## Supplied entries
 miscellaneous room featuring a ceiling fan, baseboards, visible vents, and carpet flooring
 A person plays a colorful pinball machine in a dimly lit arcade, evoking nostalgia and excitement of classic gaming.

---

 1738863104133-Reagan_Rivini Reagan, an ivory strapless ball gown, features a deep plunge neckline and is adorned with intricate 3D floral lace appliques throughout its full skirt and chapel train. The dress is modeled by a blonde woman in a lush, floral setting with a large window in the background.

## Your instructions
Give an exact copy of the lines above from the line with "miscellaneous room featuring" up to and including the line with "A person plays", and leave everything else out.

## Response for this exercise
 miscellaneous room featuring a ceiling fan, baseboards, visible vents, and carpet flooring
 A person plays a colorful pinball machine in a dimly lit arcade, evoking nostalgia and excitement of classic gaming.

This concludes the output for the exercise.